To do = Set down each line of the data below exactly as it stands, dropping the pictures.

Pictures with short captions:

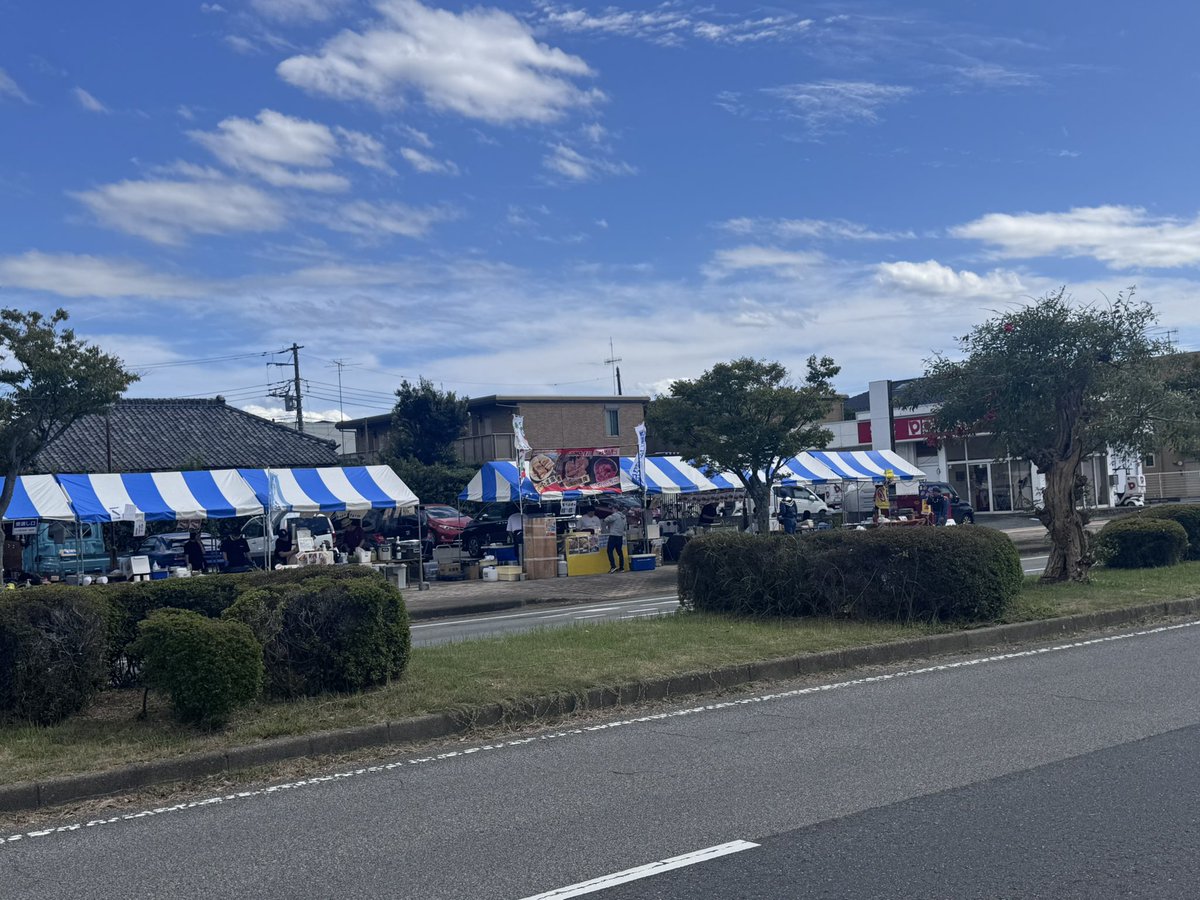 haikarabento's tweet photo. 本日これから（ 14時）から
『君津ふれあい祭り』が始まります。
沢山お店が出店しています。
皆様お誘い合わせの上お越しくださいませ！
#君津ふれあい祭り　#君津南口　#伝統の唐揚げ　#削りいちこ　#チャー玉串　#君津イベント https://t.co/Y5hjRrsouu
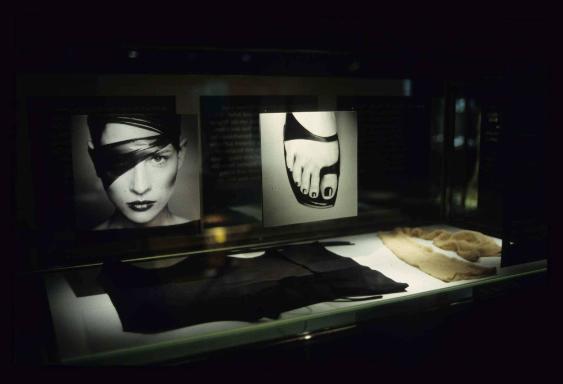 " Fussnoten " ; Bild A ; Bally  Vitrine Angela Tomas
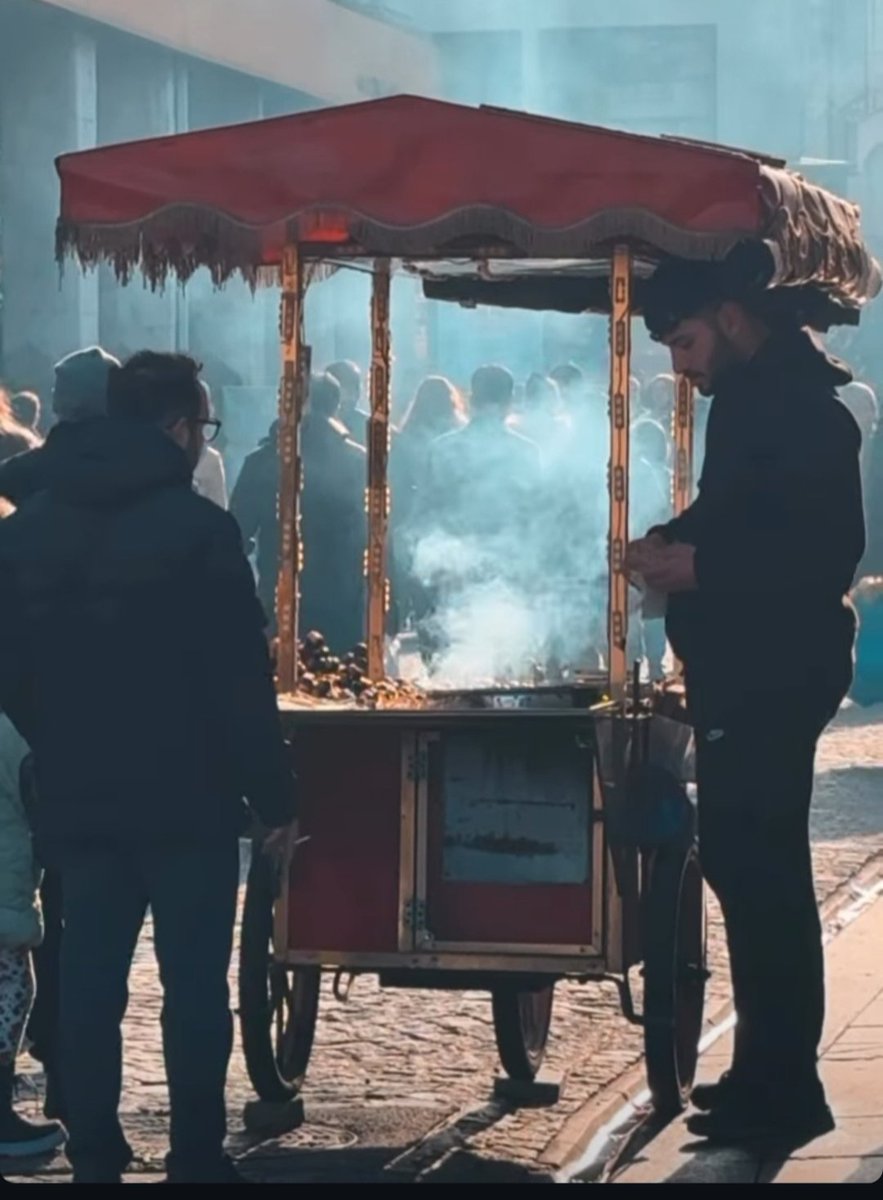 Kalabalığın içinde.. 
Herkes aynı şeyi arıyor.. 
Biraz Huzur... 🤲

Benim anlık huzur bu arabada👇😊
#perşembe #kasım                    🩵🖤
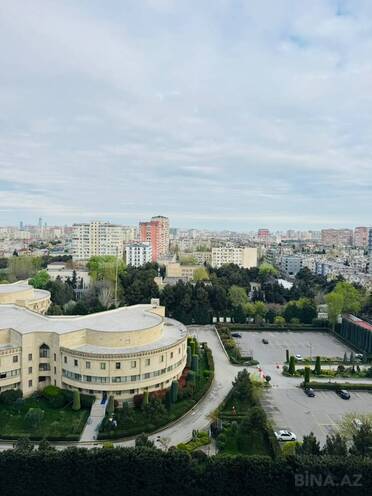 Продаётся 2-комн. новостройка 52 м², м. Насими, photo 1 from 11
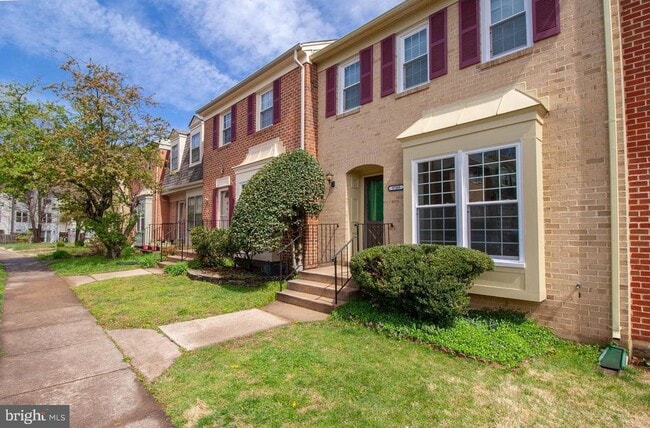 Building Photo - 9709 Lakepointe Dr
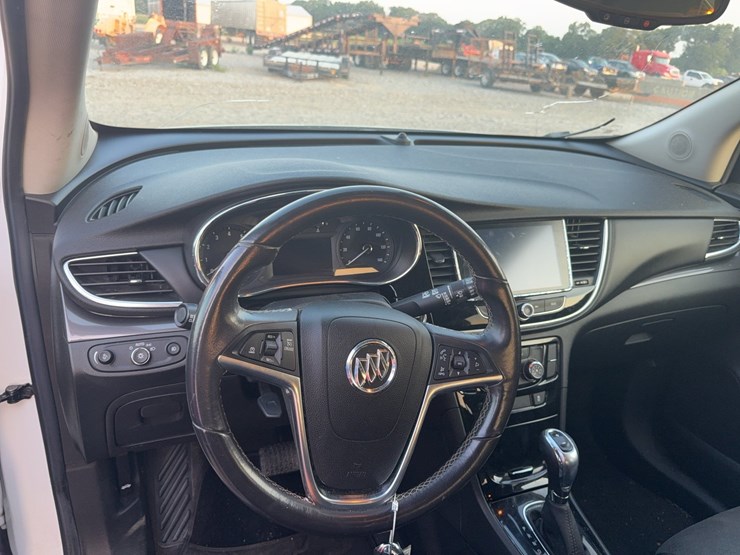 2017-buick-encore-image-30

Solution below =
 haikarabento's tweet photo. 本日これから（ 14時）から
『君津ふれあい祭り』が始まります。
沢山お店が出店しています。
皆様お誘い合わせの上お越しくださいませ！
#君津ふれあい祭り　#君津南口　#伝統の唐揚げ　#削りいちこ　#チャー玉串　#君津イベント https://t.co/Y5hjRrsouu
 " Fussnoten " ; Bild A ; Bally  Vitrine Angela Tomas
 Kalabalığın içinde.. 
Herkes aynı şeyi arıyor.. 
Biraz Huzur... 🤲

Benim anlık huzur bu arabada👇😊
#perşembe #kasım                    🩵🖤
 Продаётся 2-комн. новостройка 52 м², м. Насими, photo 1 from 11
 Building Photo - 9709 Lakepointe Dr
 2017-buick-encore-image-30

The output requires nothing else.